- Pittsburgh Public Schools
- Allegheny 6-8
Gov. Shapiro Highlights Commitment to Creating Better Schools, Recruiting More Teachers at Visit to Pittsburgh Colfax K-8
Governor Josh Shapiro shared his plans for rebuilding Pennsylvania’s teacher workforce and making our schools better, healthier, and safer for Pennsylvania students during a visit to Pittsburgh Colfax K-8.
Earlier this month, Governor Shapiro unveiled his first budget – a commonsense set of solutions to the most pressing issues Pennsylvanians face, including a critical teacher shortage across the Commonwealth. Governor Shapiro's budget proposes a personal income tax credit of up to $2,500 every year for up to three years for any new teacher, nurse, police officer, or trooper who earns a new license or certification, or for anyone who already has a license in those fields and decides to move to Pennsylvania for work.
The teaching shortage is a crisis across the Commonwealth. In 2021, Pennsylvania issued 6,000 new teacher certifications – down from 20,000 certifications ten years ago. Nearly half of all school districts had open teaching positions at the start of this school year, and roughly 1 in 5 school districts have had significant negative impacts on educational programs from teacher shortages.
"I’ve talked to students, teachers, administrators, and parents across Pennsylvania, and it’s clear the teaching shortage is having a significant impact on our schools and our kids,” said Governor Shapiro. “We need to get more teachers in our classrooms to reduce class sizes, ease the burden on current teachers, and ensure our kids have the support they need to learn and grow. My budget proposes a commonsense solution to this problem – a new tax credit of up to $2,500 a year for three years for new teachers – and ensure we have enough qualified teachers in our classrooms."
"We are ecstatic to learn about specific attention and proposals that include supports to rebuild our workforce and that offers opportunities to those who aspire to a career in education," said Colfax K-8 Principal Dr. Tamara Sanders-Woods. "It is our hope that these efforts will help recruit and retain quality educators into our schools. Our students deserve it, educators deserve it, and our world needs it."

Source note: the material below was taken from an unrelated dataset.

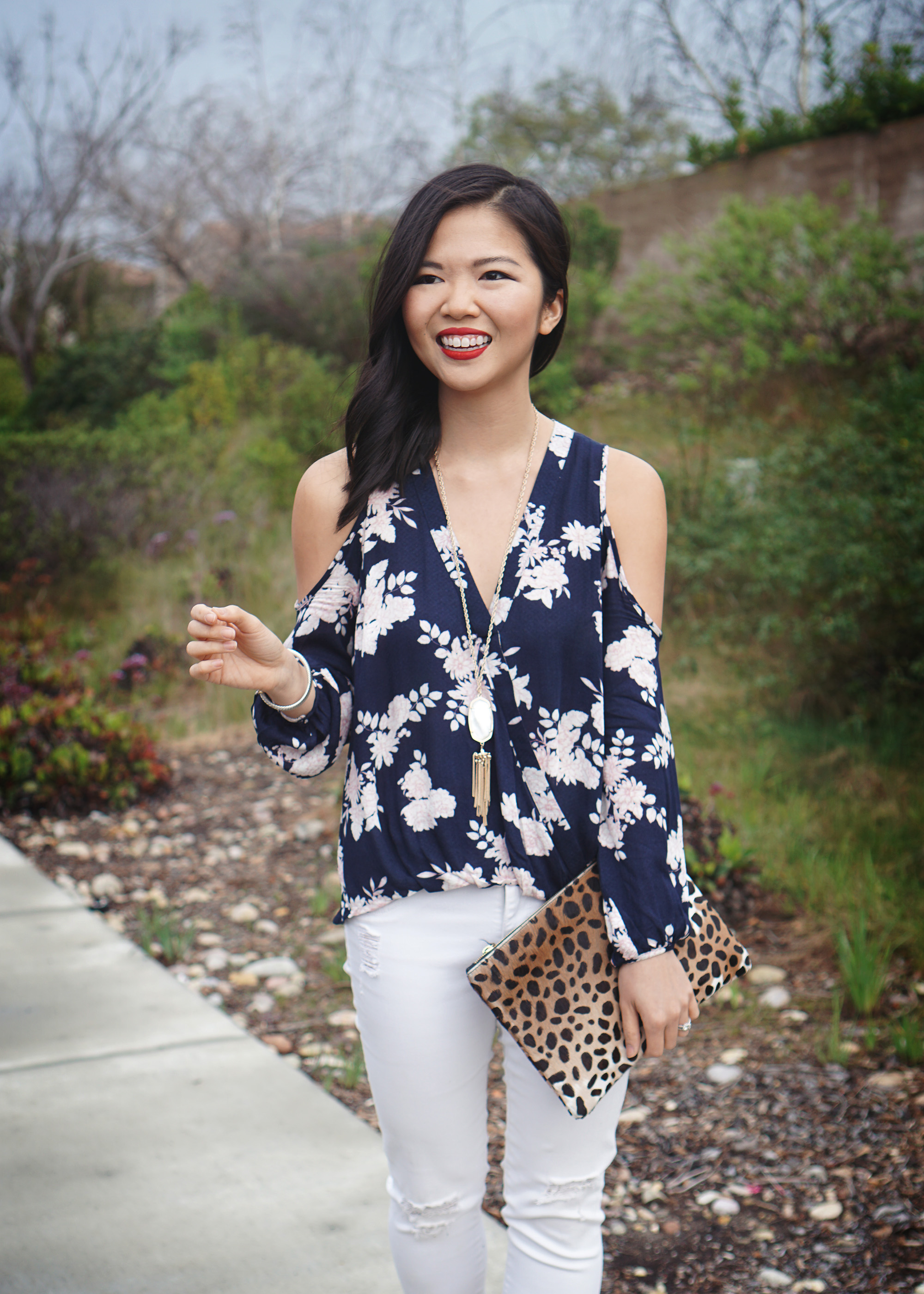 Skirt The Rules / Floral Cold Shoulder Top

"It is important to note that Pennsylvania is in deep need for great, passionate, and hardworking educators," said Student Teacher Megan Ost. "To help incentivize this in his budget, the Governor is proposing a refundable tax credit of up to $2,500 each year, every year for three years for anyone who earns a new license or certification in teaching. I believe this can really impact new educators and help those passionate about teaching."

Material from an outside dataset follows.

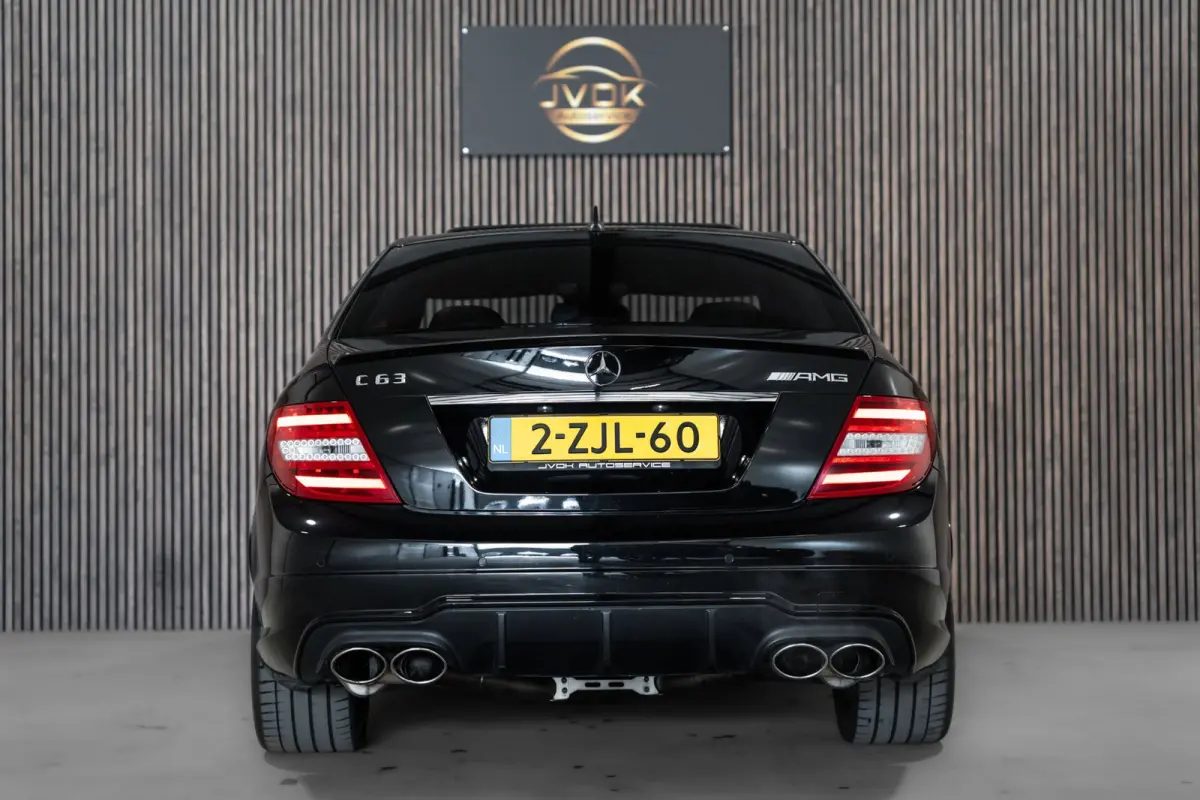 AMG 63 Performance Package 487PK Carbon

Governor Shapiro's budget is a down payment on the future of public education. The Governor’s budget includes an increase of $567.4 million – or 7.8 percent – for basic education funding, $38.5 million for universal free breakfast for all Pennsylvania students, $500 million over the next 5 years to reduce and remediate environmental hazards, and $500 million over the next five years so that schools can fund mental health counselors and services.
The Shapiro Administration is already taking action to support Pennsylvania's teacher workforce. The Department of Education announced that it is providing $1.5 million in grant funding to institutions of higher education who partner with school districts to expedite the process to become a special education teacher.